Fils de bâtard
Parlons de toi, Maman
Avec Fils de bâtard, Emmanuel De Candido égale le très acclamé Pourquoi Jessica a-t-elle quitté Brandon ? et nous offre un chef-d'œuvre qui allie rage et tendresse, humour et amour (maternel et filial). À voir au Théâtre de Poche jusqu’au 26 février.
Après La Ronde flamboyante présenté au Théâtre des Martyrs la saison dernière, Emmanuel De Candido, membre de la Compagnie MAPS aux côtés de Stéphanie Mangez et Olivier Lenel (qui l’assiste à la mise en scène ici), signe un nouveau texte intime, drôle et bouleversant.
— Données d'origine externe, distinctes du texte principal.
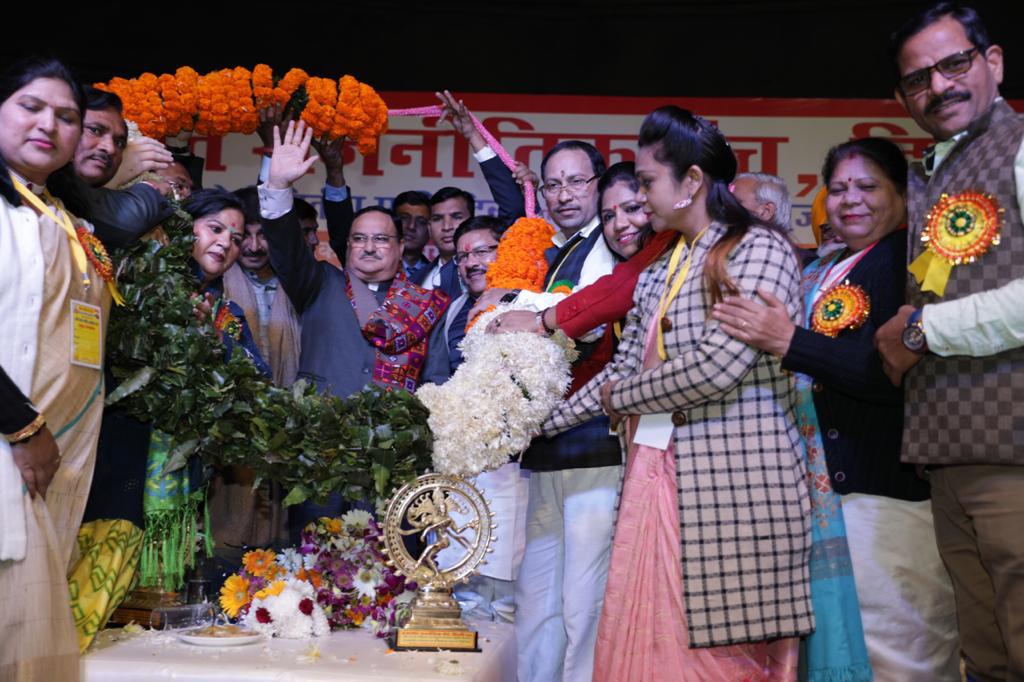 Photographs of BJP National Working President Sh Jagat Prakash Naddaaddressing "Dwitya Smriti Diwas" of Late Atal Bihari Vajpayee ji atTalkatora Stadium, New Delhi.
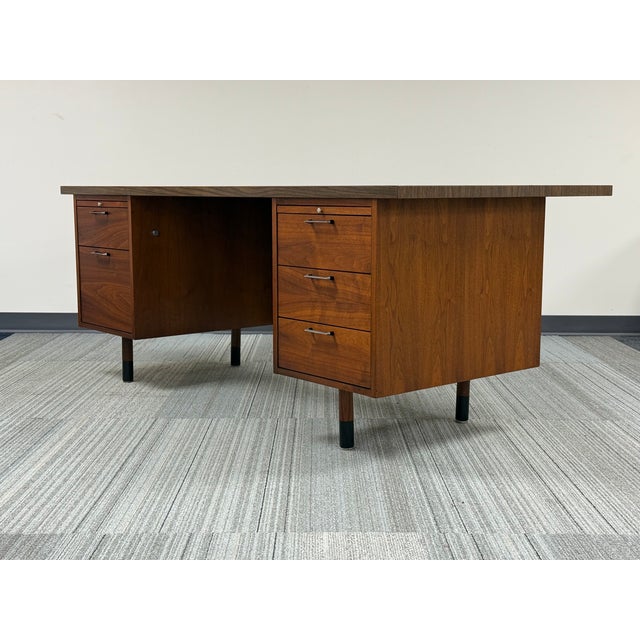 Mid-Century Modern Executive Desk Large Top For Sale - Image 4 of 10
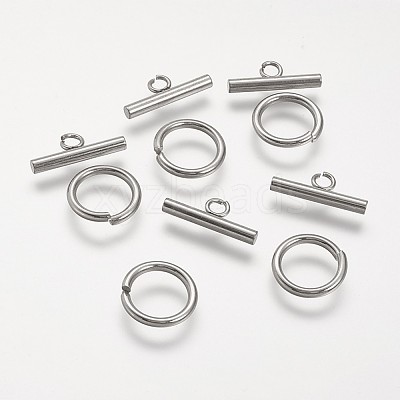 Tarnish Resistant 304 Stainless Steel Toggle Clasps STAS-P104-01P-1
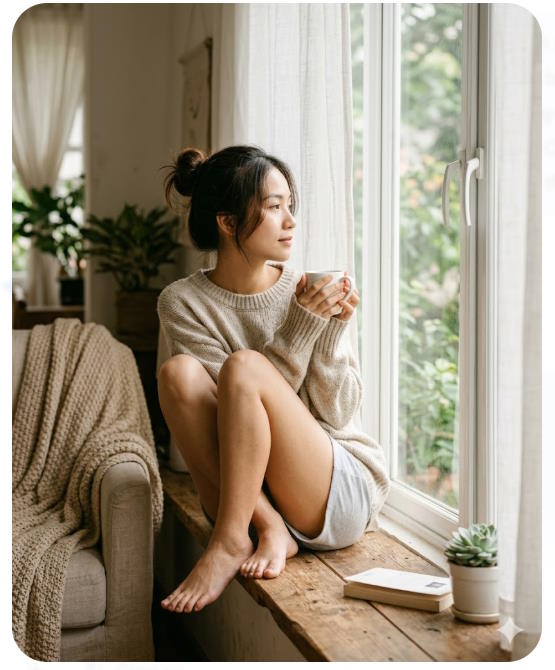 Uống cà phê bên cửa sổ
Le metteur en scène, dramaturge et comédien narre dans Fils de bâtard (au premier abord) le résultat de sept années de recherches sur son père, absent durant la plus grande partie de sa vie. Né de père inconnu, Emmanuel De Candido (Manu dans le spectacle) est, selon l’expression belge, un bâtard. Il a ainsi voulu retourner sur les traces de son géniteur (surnommé le Colonel Bison) et des milles vies que celui-ci a menées, du Congo à l’Antarctique en passant par la Belgique et la Libye. C’est finalement l’histoire de sa mère Elena, l’unique parent présent, celle qui l’a élevé toute seule, que le comédien va raconter.
Est-ce qu’on peut recommencer ?
C’est dans une adresse directe avec ce public, sans quatrième mur, que fonctionne le spectacle, un terrain de jeu particulièrement apprécié par la Compagnie MAPS et qu’Emmanuel De Candido manie avec brio. Dans une volonté de lien avec les spectateur·ices, les différents projets de la compagnie se concentrent en effet généralement sur cette renégociation de l’espace entre le plateau et le public. Dès l’entrée en salle, le comédien discute avec les personnes qui s’installent face à lui, établit un connexion avec elles. Lors d'une des représentations à laquelle j'ai pu assister, c’est en souhaitant un joyeux anniversaire à un des élèves du groupe scolaire situé au premier rang que la pièce a démarré (ce que Manu a subtilement référencé durant le spectacle). Un détail qui pourrait paraître anodin mais qui permet de rendre l’expérience théâtrale unique et qui instaure un sentiment de réciprocité entre l’acteur et les spectateur·ices.
Toujours dans cette renégociation de l’espace théâtral, la régie est installée directement sur le plateau, intégrée à la scénographie (conçue par Sarah De Battice). Toute la technique est visible. Un élément déjà présent dans les deux précédents projets de la compagnie (Pourquoi Jessica a-t-elle quitté Brandon ? et La Ronde flamboyante). Côté cour, se trouve Clément Papin à la régie lumières et plateau. Côté jardin, Orphise Labarde au son et à la musique. Les moments où elle dégaine sa guitare et donne de sa voix créent de très belles séquences musicales composées par François Sauveur et Pierre Constant. Les leitmotivs qu’ils ont écrits accompagnent parfaitement le texte et la narration rythmée de Manu. Mention spéciale à la scène de slam à couper le souffle. Au centre du plateau, prend place un grand plateau blanc qui remonte pour former une sorte de rampe de skateboard vers l’arrière de la scène. Sur l’avant du plateau, Emmanuel vient disposer une table et deux chaises en formica gris. Ce plateau blanc devient une carte vierge sur laquelle le comédien vient cartographier son périple, plaçant une chaise au Nord ou à l’Est au fil de ses destinations.
« Ne parle pas de moi dans ton spectacle. Ça n’intéresse personne. »
―Elena, à son fils Manu
Grâce à ce voyage sur les traces du Colonel Bison, Emmanuel De Candido pensait comprendre ce que son père lui a transmis et ce que lui-même pourra transmettre à son fils (à qui il dédie le spectacle). C’est finalement ce que sa mère lui a apporté qui illumine sa quête d’identité et de filiation. Partant d’une enquête sur la vie mystérieuse et chaotique de son père, le spectacle se transforme en une ode poignante à sa maman et à la force de toutes les mères célibataires souvent oubliées, jugées et discriminées dans notre société patriarcale. Comme dans Pourquoi Jessica a-t-elle quitté Brandon ?, le mélange entre théâtre documentaire et performance (incluant une scène de mime très touchante) fonctionne à merveille, créant un objet artistique captivant. Fils de bâtard est un bijou émouvant et original à découvrir au Théâtre de Poche jusqu’au 26 février (avec les prolongations !).